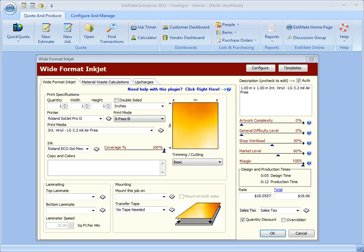Hello. I just wanted to show you how in the Wide Format Inkjet plugin we have a new Material Waste Calculations tab that lets you control the material waste calculations quite finely.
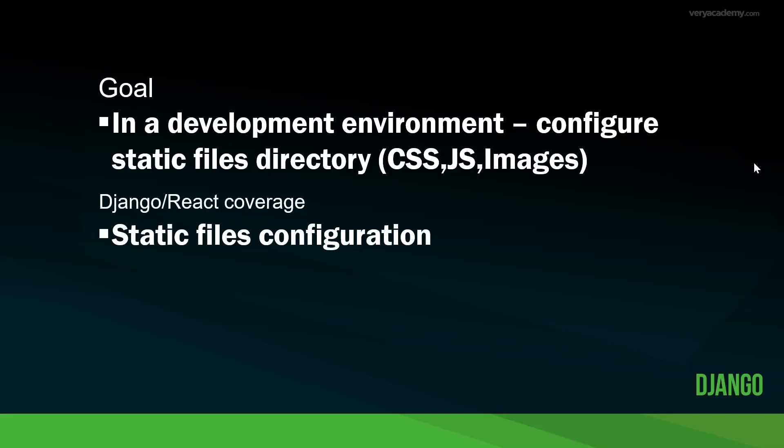Hello and welcome back to another Django tutorial. In this tutorial we'll be configuring the development environment for static files. So here we're going to configure the static file directory.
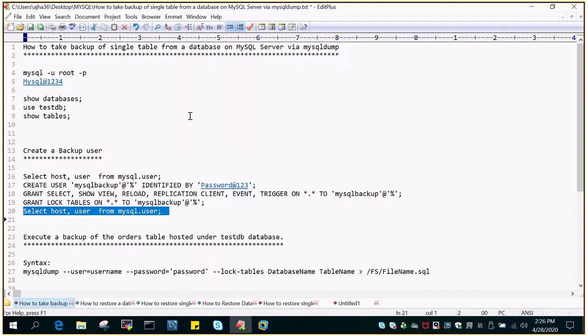Hello and welcome to eMultiSkills video tutorial. In this video tutorial, we will see how to take backup of a single table from a particular database in MySQL server using mysqldump.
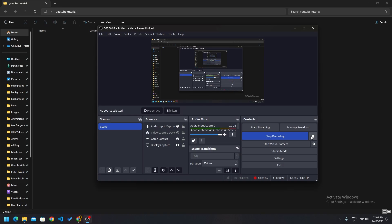Hey, what's up guys, this is Priyanshu and in today's video we are going to talk about how you can use the Firebase client SDK with Expo React Native.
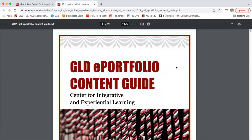Welcome to our second recorded structured advising workshop. This workshop will be focused on the key insights portion of the ePortfolio. Where we'll start today is with our content guide, our guiding document for the ePortfolio process.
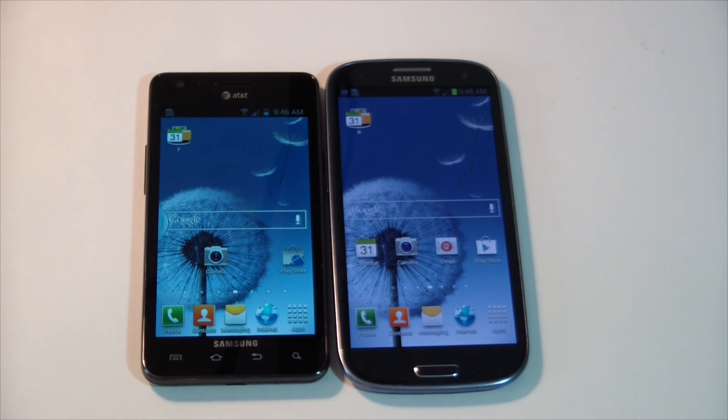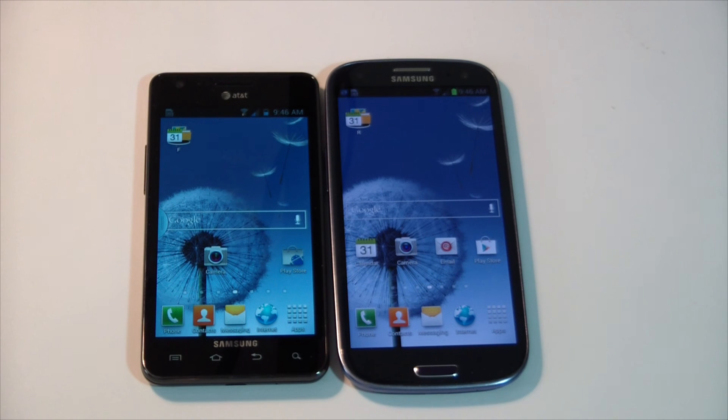So that was it, guys. Thanks for watching. This is Sam with MobileTechVideos.com — come check us out. You can follow us on Twitter and like us on Facebook, and we'll see you next time.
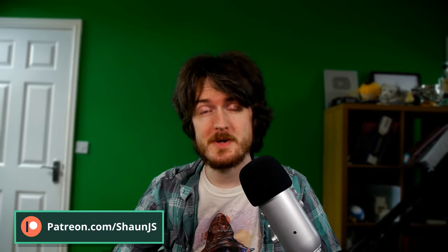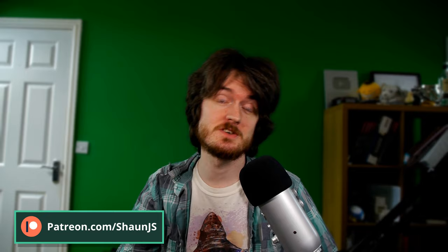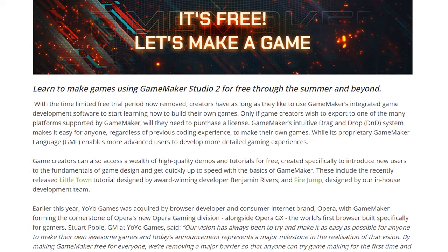The time limit has been removed from the trial version of GameMaker Studio 2, meaning there is now a free version of GameMaker Studio 2 that anyone can use indefinitely. You still cannot export games from this version — for that you need to actually buy a license — but you can do everything else with it.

- - -

Exercise description: In the data above, find the line with "Hello and welcome back" and repeat it and every line after it through the end, exactly; leave the pictures out.

Solution to this exercise:
Hello and welcome back to another Django tutorial. In this tutorial we'll be configuring the development environment for static files. So here we're going to configure the static file directory.
Hello and welcome to eMultiSkills video tutorial. In this video tutorial, we will see how to take backup of a single table from a particular database in MySQL server using mysqldump.
Hey, what's up guys, this is Priyanshu and in today's video we are going to talk about how you can use the Firebase client SDK with Expo React Native.
Welcome to our second recorded structured advising workshop. This workshop will be focused on the key insights portion of the ePortfolio. Where we'll start today is with our content guide, our guiding document for the ePortfolio process.
So that was it, guys. Thanks for watching. This is Sam with MobileTechVideos.com — come check us out. You can follow us on Twitter and like us on Facebook, and we'll see you next time.
The time limit has been removed from the trial version of GameMaker Studio 2, meaning there is now a free version of GameMaker Studio 2 that anyone can use indefinitely. You still cannot export games from this version — for that you need to actually buy a license — but you can do everything else with it.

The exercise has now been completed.